Most likely the older CDs were made from tapes prepared for LP release, and were compressed as part of the recording process LPs required compression to keep for a number of reasons, including pressing, and the tapes were compressed as part of the process to begin with. Sometimes they used copies of copies of copies, so there was some degradation of the tapes as well. Newer recordings made in the last 20 years or so are much better to start with.
I think you are confusing compression with RIAA equalization.
Equalization, if done properly, does not change the sound from recording (or master) to final audio output (speakers or headphones). The purpose is to compensate for a problem inherent in the disk process. Without equalization, bass frequencies, have considerable energy, would overwhelm the cutter head and result in wide excursions in the grooves. This would take up mucho space on the disk and possibly make it impossible for the playback needle to track.
So the frequency response is drastically altered prior to cutting the disk master, boosting the highs and cutting the lows. After playback, the reverse is done, restoring both highs and lows to the original.
AFAIK, all equalization was always done at the cutting lathe, not by the recording studio. No one made a special tape with EQ on it just for LP purposes.
For that matter, most compression that people complain about is done at the radio station, using standard releases. Radios are often played in less-than-ideal acoustic environments, and some stations deliberately modify their signals to make sure that soft passages are not below the ambient noise level.
In classical music, great care is taken to avoid compression and put as wide a dynamic range on the final product as technology allows.
And professional recording techniques never used “copies of copies” unless they were going for effect or there was nothing else available. A typical recording process, pre-digital, post-1960, was (1) master multitrack, mixed down to (2) 2 track tape and (3) sent to the disk lathe. Since this was on professional equipment, the loss from only one generation or two was negligible.
In the 1950’s, the multitrack option wasn’t always available, and mixes usually went from live to tape to lathe, even one less generation. This is not “copies of copies.”
I don’t have much to add, other than agreeing that practices regarding compression, stereo separation and mixing change over time, and “remastering” often makes old recordings sound “better” to ears accustomed to modern techniques. Certainly, drums and vocals are typically emphasized more than in olden days.

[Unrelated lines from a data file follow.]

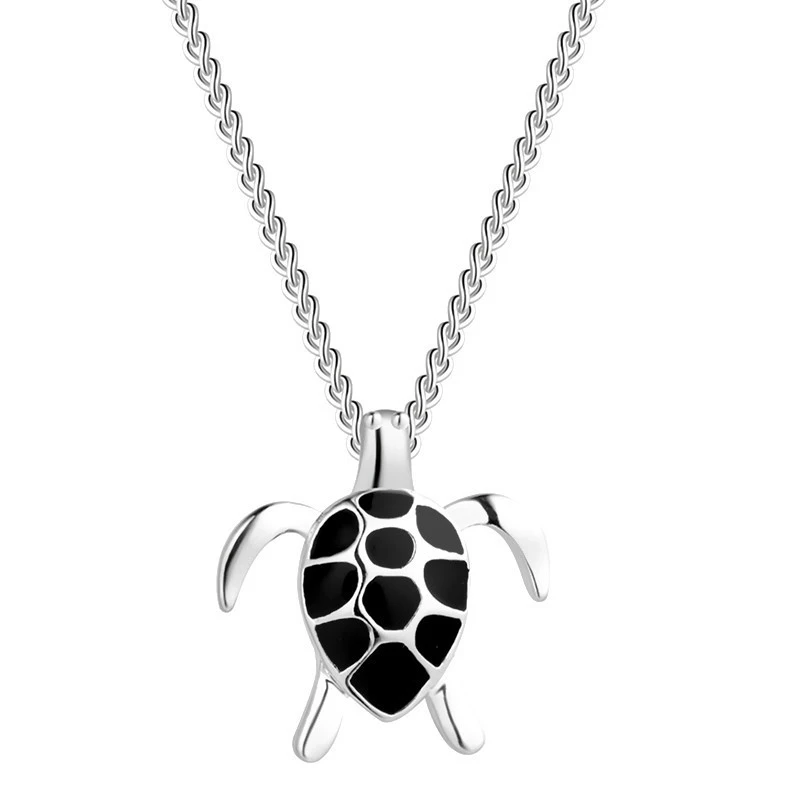 Lovely animal turtle shaped clavicle chain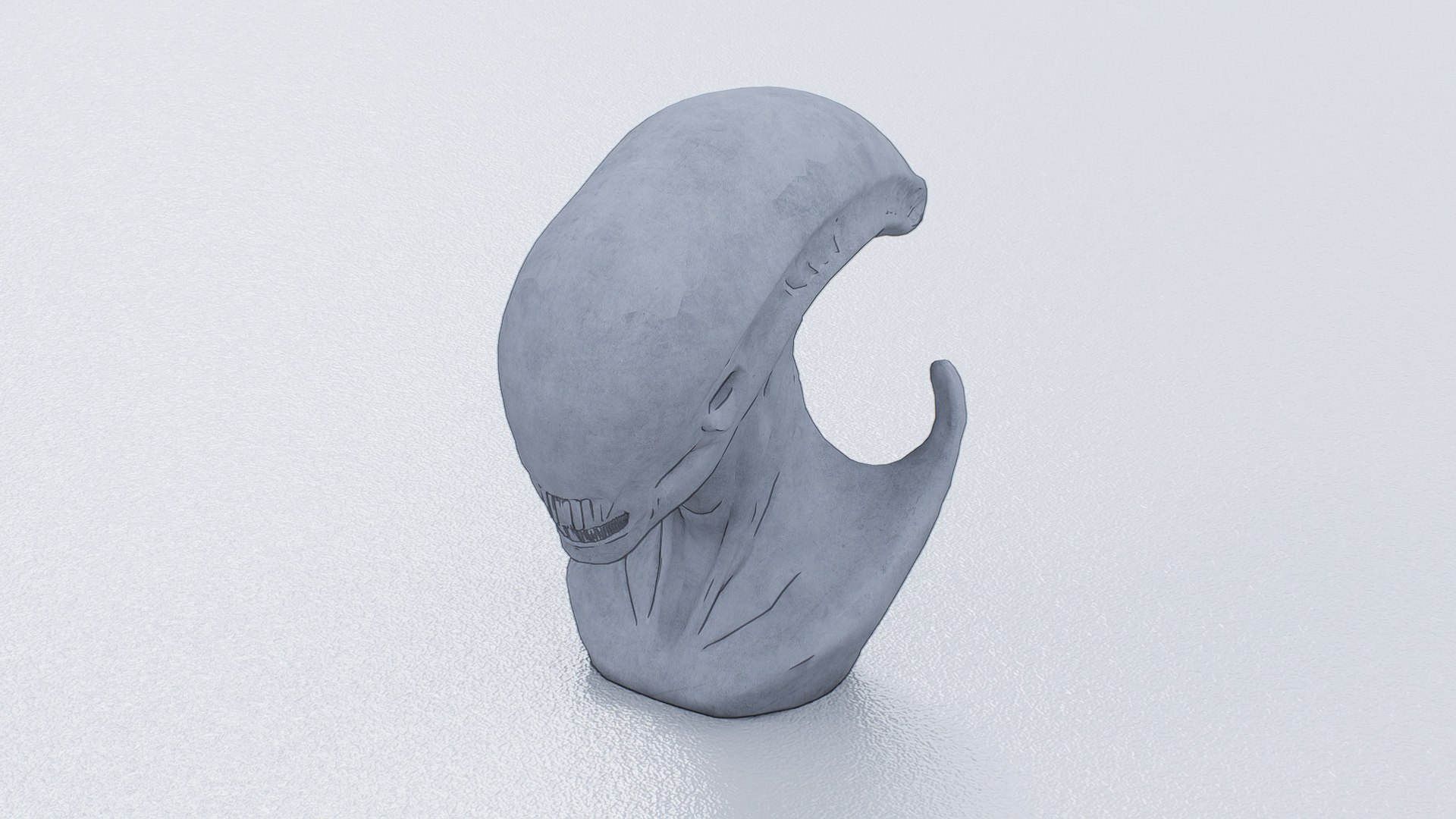 Xenomorph bust 3D model https://p.turbosquid.com/ts-thumb/pN/2Ig6F7/JV/5/jpg/1768289071/1920x1080/fit_q87/47eed83cd72b61545b426c1d786c3210e8e32ed8/5.jpg
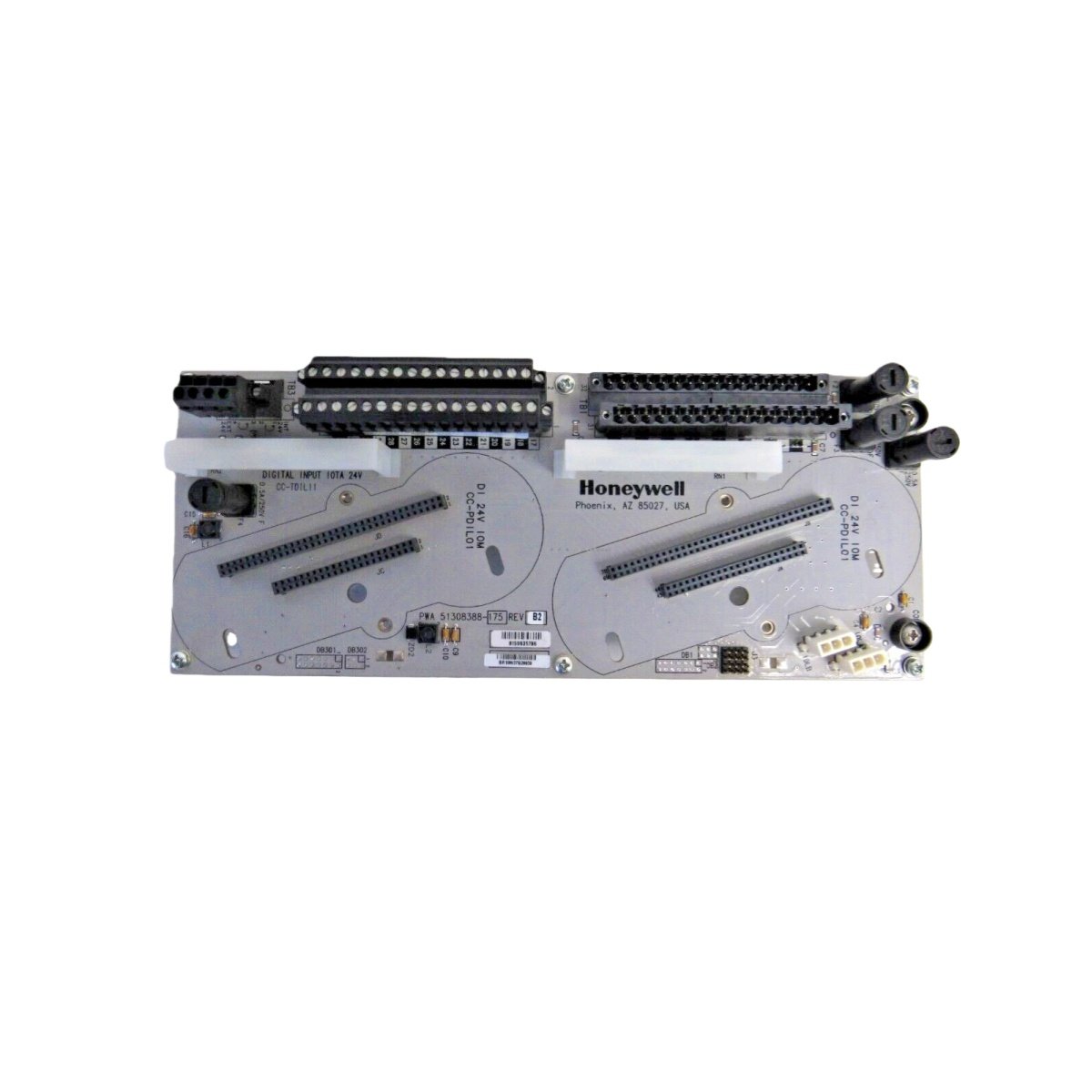 Honeywell 51303645-400 hard drive assembly, 32 lbs, high-speed data transfer, industrial-grade, for process automation control systems.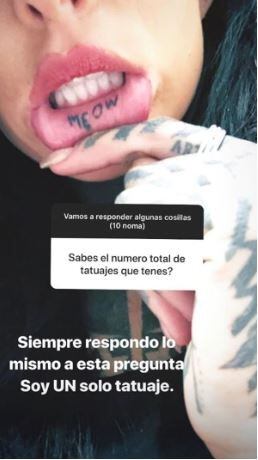 Cande Tinelli le respondió todo a sus seguidores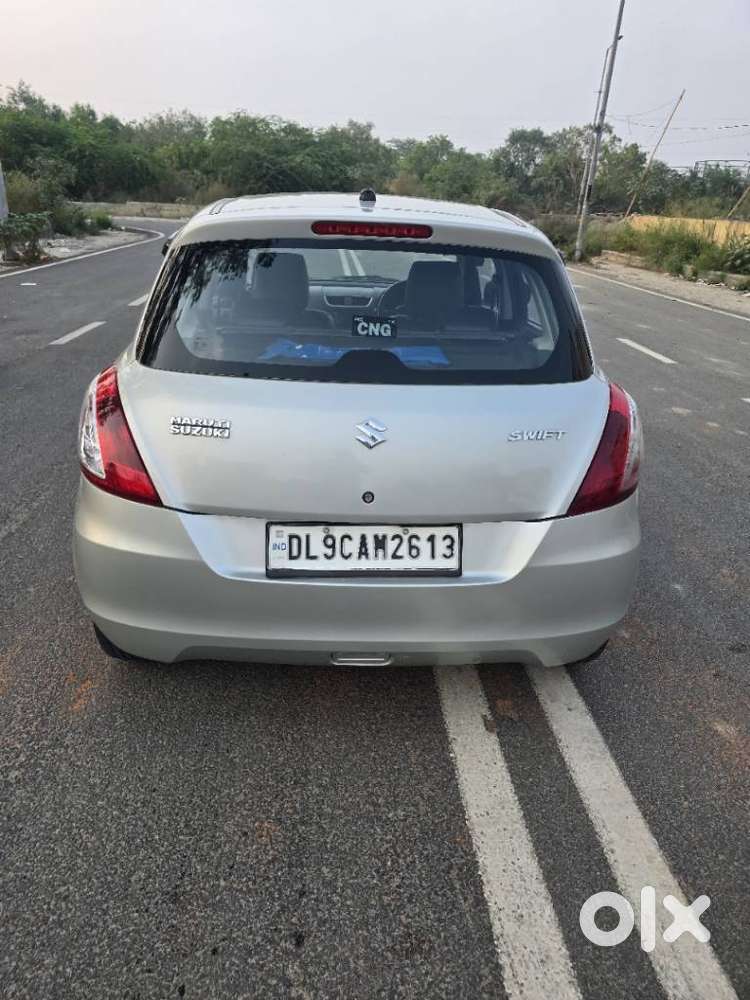Maruti Suzuki Swift 1.2 Lxi (o), 2017, Cng & Hybrids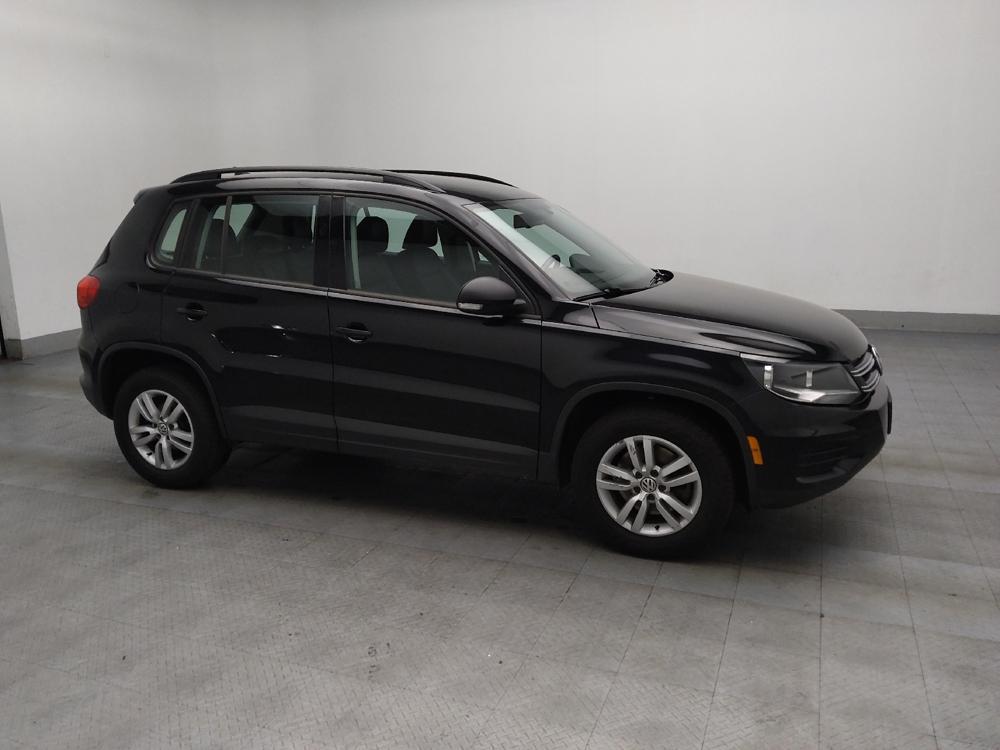 used 2017 Volkswagen Tiguan car, priced at $14,795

I just wanted to add that I vividly remember how good the Dire Straits album “Brothers in Arms” sounded when it came out on CD in 1985. [CDs were first introduced in 1983, if I recall correctly.] It was one of the earliest albums to be recorded digitally, and Mark Knopfler took great care to record, mix and tweak the sound, and it showed. If you do a web search, you see numerous articles and posts about the album’s sound. I remember re-listening to it two decades later and thinking that it still sounded better than most CDs.
This is actually one the big myths about vinyl.
From what I remember, it wasn’t that people were using LP mixing techniques on CDs. It was that often CDs were just direct copies from the original without any real changes. The idea was that the only reason you had to alter the sound for LPs was to overcome their inherent limitations. Due to this, a lot of times the LPs really did sound better.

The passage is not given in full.